Building a BQML Linear Model with Looker Using Public Data
Author: Christelle Xu
In my last article I introduced you to BQML and its implementation and integration with Looker. My goal this time is to walk you through a specific example to help solidify those concepts with a tangible use case.
I’ll be basing my walkthrough on Google’s tutorial “Using BigQuery ML to Predict Birth Weight” which you can find here. Much of the BQML syntax will stay the same given that integrating this model in Looker simply involves building a Looker wrapper around BQML code. I’ll be building dimensions from the results to illustrate the visualisation capabilities available once BQML is integrated in Looker. Much of the technical justifications of the integration I covered in my previous blog so please do use it as a reference whilst implementing the model below.

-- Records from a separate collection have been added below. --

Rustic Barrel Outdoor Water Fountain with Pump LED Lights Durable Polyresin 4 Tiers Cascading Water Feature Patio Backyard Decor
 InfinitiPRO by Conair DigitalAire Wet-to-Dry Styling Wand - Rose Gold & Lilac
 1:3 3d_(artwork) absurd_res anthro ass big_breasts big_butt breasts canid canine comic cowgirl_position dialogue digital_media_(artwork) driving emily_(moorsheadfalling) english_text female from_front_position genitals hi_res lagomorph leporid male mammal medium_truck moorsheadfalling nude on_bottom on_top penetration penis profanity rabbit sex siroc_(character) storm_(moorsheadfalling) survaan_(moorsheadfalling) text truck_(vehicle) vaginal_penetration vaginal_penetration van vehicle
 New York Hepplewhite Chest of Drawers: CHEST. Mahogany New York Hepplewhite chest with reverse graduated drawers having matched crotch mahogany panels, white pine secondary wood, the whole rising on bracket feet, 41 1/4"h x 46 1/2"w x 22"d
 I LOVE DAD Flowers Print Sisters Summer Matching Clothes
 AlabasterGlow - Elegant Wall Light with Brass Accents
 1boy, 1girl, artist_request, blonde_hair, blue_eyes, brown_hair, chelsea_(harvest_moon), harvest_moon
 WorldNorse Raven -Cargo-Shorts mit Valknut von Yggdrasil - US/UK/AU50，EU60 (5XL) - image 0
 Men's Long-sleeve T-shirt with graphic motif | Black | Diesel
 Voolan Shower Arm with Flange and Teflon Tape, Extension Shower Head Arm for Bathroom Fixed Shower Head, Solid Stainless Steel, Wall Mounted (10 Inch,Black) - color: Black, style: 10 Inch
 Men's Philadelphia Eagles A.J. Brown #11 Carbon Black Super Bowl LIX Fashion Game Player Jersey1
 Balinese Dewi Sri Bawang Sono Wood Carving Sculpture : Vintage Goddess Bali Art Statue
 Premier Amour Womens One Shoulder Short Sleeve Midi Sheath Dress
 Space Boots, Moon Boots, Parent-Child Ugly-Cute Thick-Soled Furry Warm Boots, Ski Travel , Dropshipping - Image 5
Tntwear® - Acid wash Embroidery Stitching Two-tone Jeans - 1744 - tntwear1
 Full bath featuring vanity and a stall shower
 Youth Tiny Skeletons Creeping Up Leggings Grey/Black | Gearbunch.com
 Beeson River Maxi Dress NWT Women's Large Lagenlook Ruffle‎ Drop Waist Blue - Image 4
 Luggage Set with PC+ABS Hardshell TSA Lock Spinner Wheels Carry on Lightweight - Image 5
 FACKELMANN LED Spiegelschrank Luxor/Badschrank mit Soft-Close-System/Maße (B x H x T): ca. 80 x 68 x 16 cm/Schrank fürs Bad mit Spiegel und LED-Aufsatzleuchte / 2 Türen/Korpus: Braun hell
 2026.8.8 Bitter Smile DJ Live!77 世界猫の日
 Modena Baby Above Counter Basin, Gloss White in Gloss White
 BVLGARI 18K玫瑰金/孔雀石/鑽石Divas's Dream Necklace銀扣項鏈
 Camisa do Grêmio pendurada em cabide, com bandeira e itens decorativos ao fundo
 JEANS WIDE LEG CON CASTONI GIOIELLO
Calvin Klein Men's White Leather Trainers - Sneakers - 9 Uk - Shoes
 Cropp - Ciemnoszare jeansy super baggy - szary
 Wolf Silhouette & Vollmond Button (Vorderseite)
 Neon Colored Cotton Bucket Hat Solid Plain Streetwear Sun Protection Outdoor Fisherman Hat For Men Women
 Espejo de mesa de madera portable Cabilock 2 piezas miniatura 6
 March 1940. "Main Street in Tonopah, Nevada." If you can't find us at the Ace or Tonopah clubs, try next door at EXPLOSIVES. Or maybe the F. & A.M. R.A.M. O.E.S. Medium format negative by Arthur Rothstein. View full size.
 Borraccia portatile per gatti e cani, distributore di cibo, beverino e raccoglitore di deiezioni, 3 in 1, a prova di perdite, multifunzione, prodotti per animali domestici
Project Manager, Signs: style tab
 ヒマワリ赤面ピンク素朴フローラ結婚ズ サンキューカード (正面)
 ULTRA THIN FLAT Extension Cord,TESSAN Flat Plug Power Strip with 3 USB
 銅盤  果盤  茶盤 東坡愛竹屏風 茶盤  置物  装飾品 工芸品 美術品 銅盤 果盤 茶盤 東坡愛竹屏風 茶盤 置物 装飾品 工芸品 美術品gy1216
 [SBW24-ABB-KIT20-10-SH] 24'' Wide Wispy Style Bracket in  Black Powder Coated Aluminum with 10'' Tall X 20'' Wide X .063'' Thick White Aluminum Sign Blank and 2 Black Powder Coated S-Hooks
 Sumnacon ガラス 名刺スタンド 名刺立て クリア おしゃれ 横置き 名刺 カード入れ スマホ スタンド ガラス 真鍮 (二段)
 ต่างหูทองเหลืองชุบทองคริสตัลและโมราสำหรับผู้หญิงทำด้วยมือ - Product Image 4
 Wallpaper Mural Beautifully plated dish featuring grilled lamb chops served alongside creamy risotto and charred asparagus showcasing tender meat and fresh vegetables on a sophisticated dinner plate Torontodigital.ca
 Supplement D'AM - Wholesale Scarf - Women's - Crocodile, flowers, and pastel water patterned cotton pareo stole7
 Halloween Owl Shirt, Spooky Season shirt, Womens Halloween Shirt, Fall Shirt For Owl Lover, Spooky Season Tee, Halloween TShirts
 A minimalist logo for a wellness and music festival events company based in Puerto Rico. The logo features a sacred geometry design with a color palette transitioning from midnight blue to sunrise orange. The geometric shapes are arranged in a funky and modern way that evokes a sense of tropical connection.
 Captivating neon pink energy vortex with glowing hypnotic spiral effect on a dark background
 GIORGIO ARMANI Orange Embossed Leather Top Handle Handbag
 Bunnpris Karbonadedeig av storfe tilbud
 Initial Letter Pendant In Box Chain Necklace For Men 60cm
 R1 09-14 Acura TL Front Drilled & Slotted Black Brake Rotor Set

By the end of this tutorial you’ll be able to build a dashboard like this to help facilitate the evaluation of your model:
Key evaluation metrics all in one place
We’ll be using the well known natality data set to create a model that predicts a baby’s birth weight. The data is publicly available through BigQuery so please follow along.
If you haven’t read part one of this series, I urge you to at least have it open. You can find it here. I introduce you to how BQML integrates with Looker and walk you through the logic behind the syntax.
I also assume you have basic Looker LookML experience and BigQuery knowledge.
Accessing The Data
When running a BQML model, you need to make sure that both your data and your model are sitting in the same location. In this case, however, Looker will be writing the model in its scratch schema, the process by which you’ll define when creating the necessary persistent derived table (PDT).
Given that the natality data set is sitting in the US, you’ll need to make sure that the connection you create in Looker also in the US. That may mean creating a new connection where your host connection is US based.
By default, you’ll have access to public data sets via your service account in BigQuery. You should also, therefore, have access to these data sets in Looker. But you’ll want to make sure that that connection hasn’t been manually turned off or removed.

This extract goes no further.